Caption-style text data
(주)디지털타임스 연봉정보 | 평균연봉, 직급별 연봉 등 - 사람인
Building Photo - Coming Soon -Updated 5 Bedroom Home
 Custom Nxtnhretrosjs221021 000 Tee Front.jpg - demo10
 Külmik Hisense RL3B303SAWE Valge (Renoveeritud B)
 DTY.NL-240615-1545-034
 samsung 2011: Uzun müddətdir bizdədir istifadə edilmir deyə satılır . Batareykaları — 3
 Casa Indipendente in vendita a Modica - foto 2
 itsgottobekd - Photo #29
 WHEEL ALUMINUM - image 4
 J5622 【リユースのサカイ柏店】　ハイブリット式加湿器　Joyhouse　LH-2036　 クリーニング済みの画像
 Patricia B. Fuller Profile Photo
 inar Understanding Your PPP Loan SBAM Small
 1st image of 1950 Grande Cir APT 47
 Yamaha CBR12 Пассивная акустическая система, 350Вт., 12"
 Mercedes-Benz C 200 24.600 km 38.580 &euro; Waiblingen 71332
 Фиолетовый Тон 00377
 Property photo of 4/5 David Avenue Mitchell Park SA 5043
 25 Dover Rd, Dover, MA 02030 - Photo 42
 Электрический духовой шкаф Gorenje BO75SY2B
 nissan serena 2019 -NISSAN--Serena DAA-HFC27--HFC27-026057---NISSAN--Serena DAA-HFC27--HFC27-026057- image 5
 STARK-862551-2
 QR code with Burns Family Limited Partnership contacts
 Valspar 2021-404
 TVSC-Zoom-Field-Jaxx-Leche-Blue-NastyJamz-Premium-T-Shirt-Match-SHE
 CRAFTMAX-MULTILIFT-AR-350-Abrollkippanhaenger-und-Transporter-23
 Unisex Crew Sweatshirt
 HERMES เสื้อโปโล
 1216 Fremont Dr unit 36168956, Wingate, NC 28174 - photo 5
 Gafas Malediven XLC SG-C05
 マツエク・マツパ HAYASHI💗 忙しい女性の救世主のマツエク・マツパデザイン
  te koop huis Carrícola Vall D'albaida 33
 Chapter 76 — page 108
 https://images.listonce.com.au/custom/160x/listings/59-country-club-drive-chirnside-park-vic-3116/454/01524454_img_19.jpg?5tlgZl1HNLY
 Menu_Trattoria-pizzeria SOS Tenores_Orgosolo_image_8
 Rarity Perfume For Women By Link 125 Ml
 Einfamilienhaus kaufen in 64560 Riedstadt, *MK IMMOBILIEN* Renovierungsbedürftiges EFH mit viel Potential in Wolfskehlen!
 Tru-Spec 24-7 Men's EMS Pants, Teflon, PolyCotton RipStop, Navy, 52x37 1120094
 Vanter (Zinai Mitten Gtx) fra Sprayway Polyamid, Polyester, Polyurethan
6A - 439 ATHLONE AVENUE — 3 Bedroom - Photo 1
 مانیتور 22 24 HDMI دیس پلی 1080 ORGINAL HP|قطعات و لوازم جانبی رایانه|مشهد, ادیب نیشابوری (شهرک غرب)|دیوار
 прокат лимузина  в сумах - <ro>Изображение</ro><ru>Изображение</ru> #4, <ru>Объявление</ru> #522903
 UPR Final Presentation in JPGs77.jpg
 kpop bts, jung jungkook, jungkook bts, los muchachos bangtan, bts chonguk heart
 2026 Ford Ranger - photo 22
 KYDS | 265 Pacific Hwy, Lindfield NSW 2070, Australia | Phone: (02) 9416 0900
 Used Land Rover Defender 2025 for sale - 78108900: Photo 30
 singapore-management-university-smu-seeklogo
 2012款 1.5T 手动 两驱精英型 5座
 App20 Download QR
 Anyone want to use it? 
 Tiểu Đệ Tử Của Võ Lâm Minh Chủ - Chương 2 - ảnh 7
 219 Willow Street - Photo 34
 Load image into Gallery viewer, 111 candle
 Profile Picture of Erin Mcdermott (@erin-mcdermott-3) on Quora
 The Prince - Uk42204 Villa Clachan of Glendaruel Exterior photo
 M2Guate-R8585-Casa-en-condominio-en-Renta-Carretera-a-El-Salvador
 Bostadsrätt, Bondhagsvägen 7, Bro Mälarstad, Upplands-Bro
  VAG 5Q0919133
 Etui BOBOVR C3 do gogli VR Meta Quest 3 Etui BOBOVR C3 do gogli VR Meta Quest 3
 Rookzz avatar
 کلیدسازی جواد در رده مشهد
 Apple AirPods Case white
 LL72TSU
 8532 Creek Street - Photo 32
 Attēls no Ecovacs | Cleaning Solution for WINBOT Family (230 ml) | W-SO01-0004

*PROBLEM DETAILS*
The lines to copy are those in the records above containing the word "Casa".

*ANSWER BOX*
 Casa Indipendente in vendita a Modica - foto 2
 M2Guate-R8585-Casa-en-condominio-en-Renta-Carretera-a-El-Salvador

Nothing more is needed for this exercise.